Hewlett-Packard is to take an $8bn writedown related to its services business following poor trading at the division.
The services division comprises mainly the former EDS business, which the US technology group bought for almost $14bn in 2008. Pre-tax profits at this division had fallen 27 per cent year on year in the second quarter and Meg Whitman, chief executive of HP, had indicated that she wanted to revamp the operation to focus on fewer, higher-margin contracts.
HP, which is cutting jobs and restructuring in an effort to revive its flagging fortunes, said falls in the company’s share price had prompted it to review the value of its assets.

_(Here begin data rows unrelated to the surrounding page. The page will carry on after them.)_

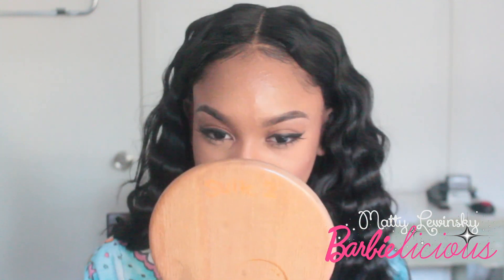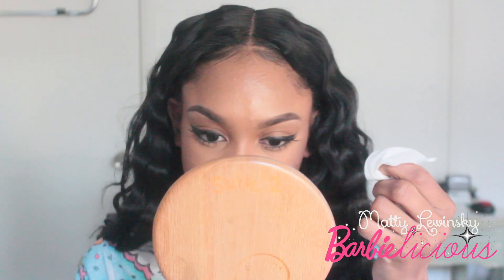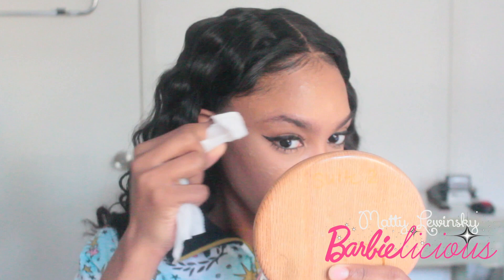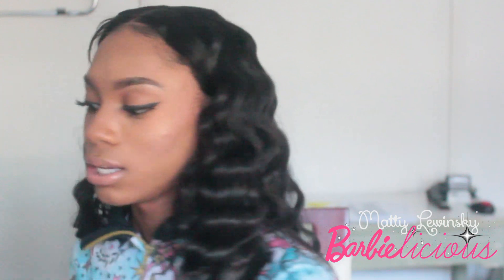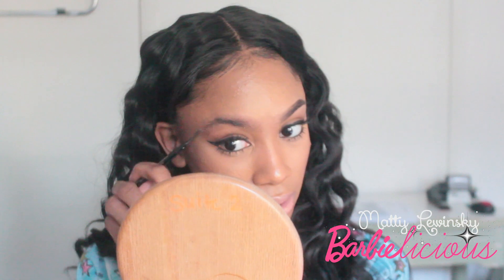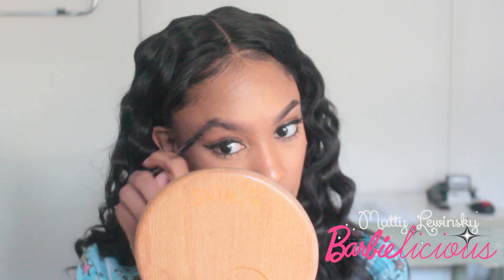I'm only going to do one brow for you guys today. I'm going to start off by taking off one eyebrow. This is my eyebrow with nothing on it — it's nothing special. This is actually my bad brow, so that's why I decided to demonstrate this one on camera for you guys.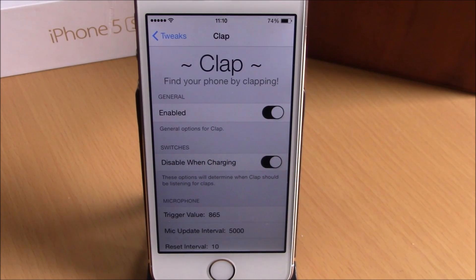What is up everyone, this is iReviews. In this video we're going to show you a Cydia tweak called Clap. What this tweak does is allow you to find your phone by simply clapping your hands. If you lost your phone somewhere in your room and don't know where it is, all you have to do is clap your hands and the phone will play a sound so you can find it.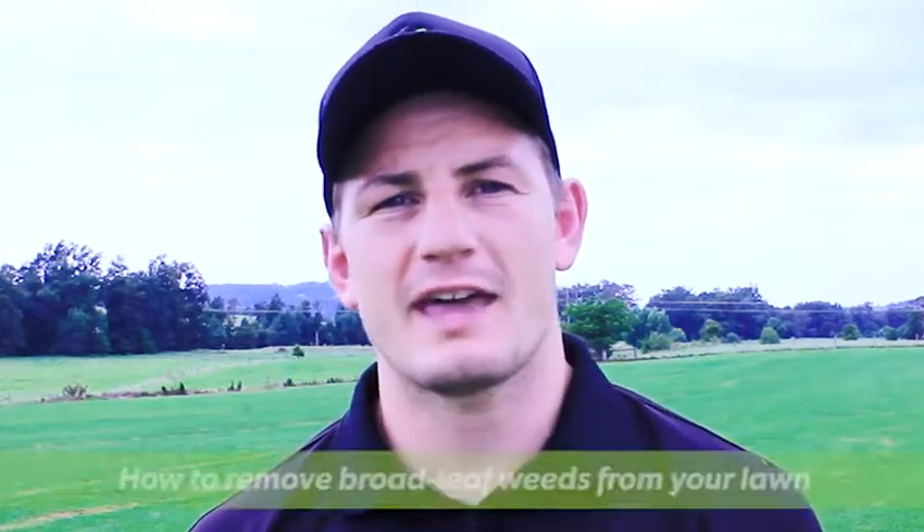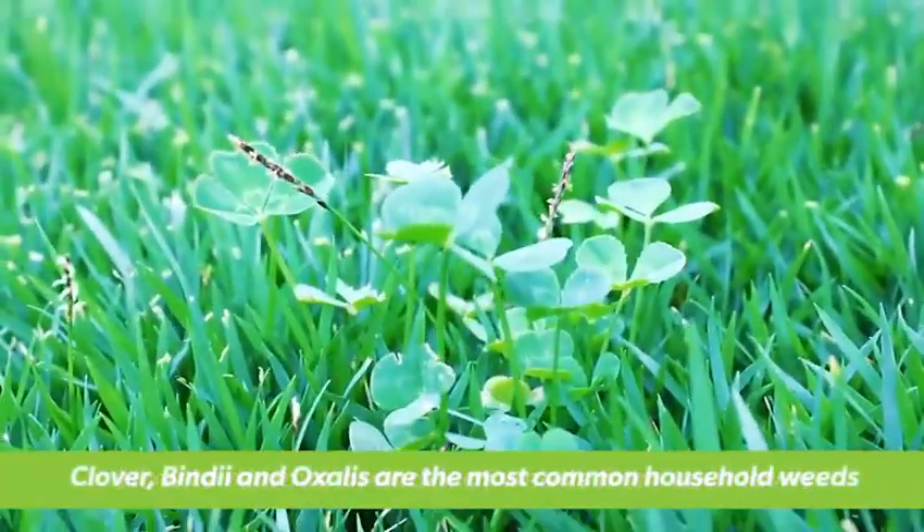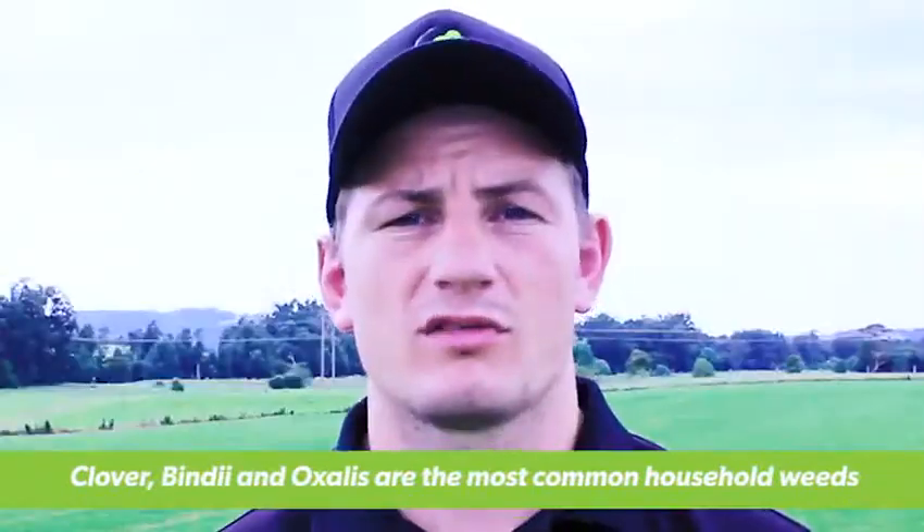Hi, I'm Joe from Lawn Solutions Australia and today we're going to talk to you about how to remove broadleaf weeds from your lawn. Broadleaf weeds such as clover, bindi and oxalis are the most common weeds you'll find in most household lawns.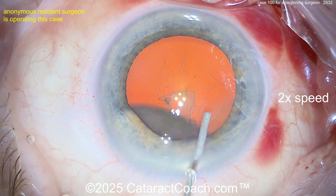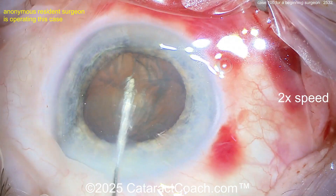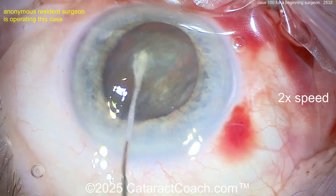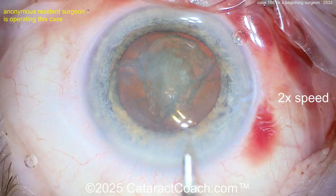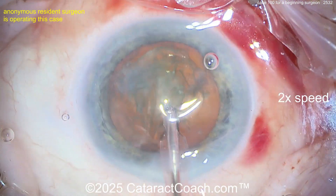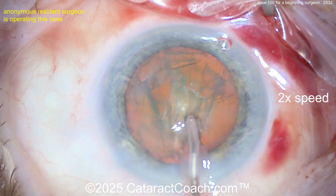The rhexis is complete, pretty well centered. Now hydrodissection with a flat cannula — the nucleus came right out, but you put it back in the bag. I would have liked the nucleus out of the bag. It's a little rough here — see the cornea is all wrinkly. You'll see those same wrinkles, Descemet folds, tomorrow morning because of that. Don't do that. Now here comes the phaco probe going inside the eye — cleaning up some anterior cortical material.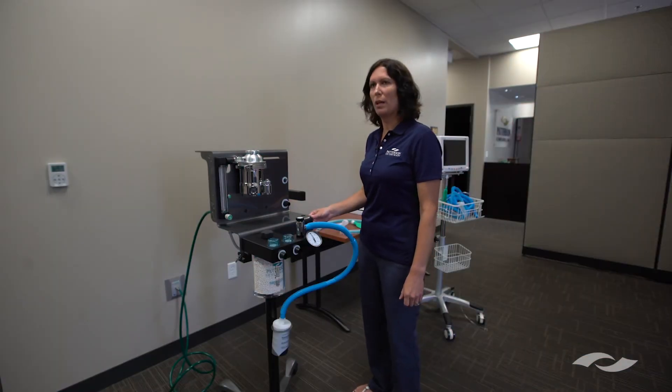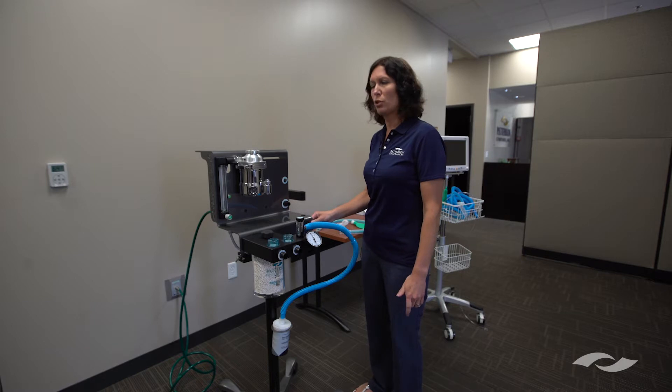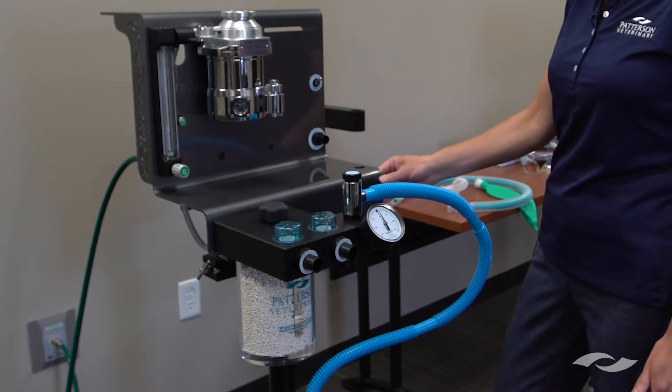One of the most common questions we get on the anesthesia and monitoring hotline is how to do a pressure test, or in other words check for a leak. This machine here is our Patterson Versa 2 anesthesia machine.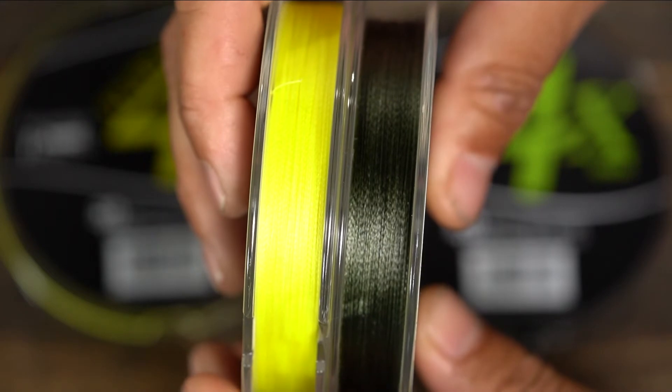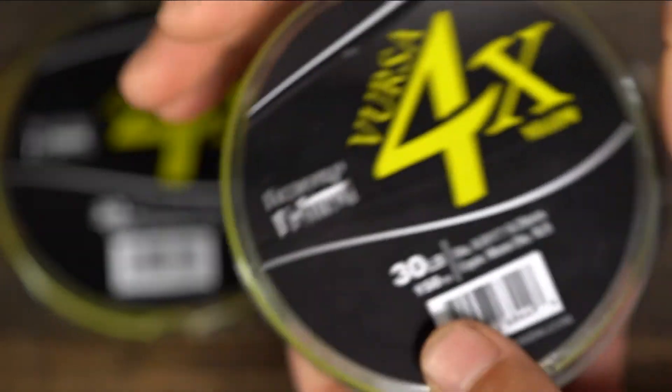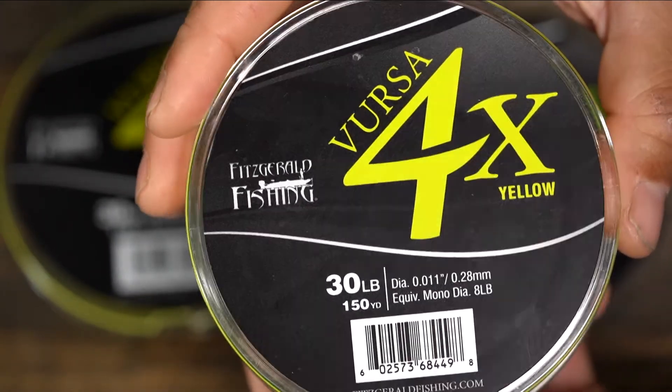We also had a lot of requests for high-vis yellow, specifically for guys on spinning rods. We do it starting from 10-pound all the way up to 80-pound in 150- and 300-yard spools. So it's just a great addition to our already awesome braid lineup, and it's very affordable to all — just a really good, high-quality braid.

The company said: “The impairment review stems from the recent trading values of HP’s stock, coupled with market conditions and business trends within the services segment.”
Peter Misek, analyst at Jefferies, said: “I am not surprised that HP had a writedown, but I am surprised at the magnitude of it.”
HP also said it expected to take a pre-tax charge of $1.5bn-$1.7bn in the third quarter related to its redundancy programme. This raised its previous estimate of approximately $1bn, as larger numbers of staff than expected are opting to take the company’s early retirement package. HP is cutting about 27,000 jobs.
HP has also appointed Mike Nefkens, currently senior vice-president and general manager of the services business, as acting head of the division. He replaces John Visentin, who has left the company.
Excluding the writedowns, HP forecast third-quarter fiscal 2012 non-GAAP earnings per share of $1, up from a previous range of $0.94-$0.97.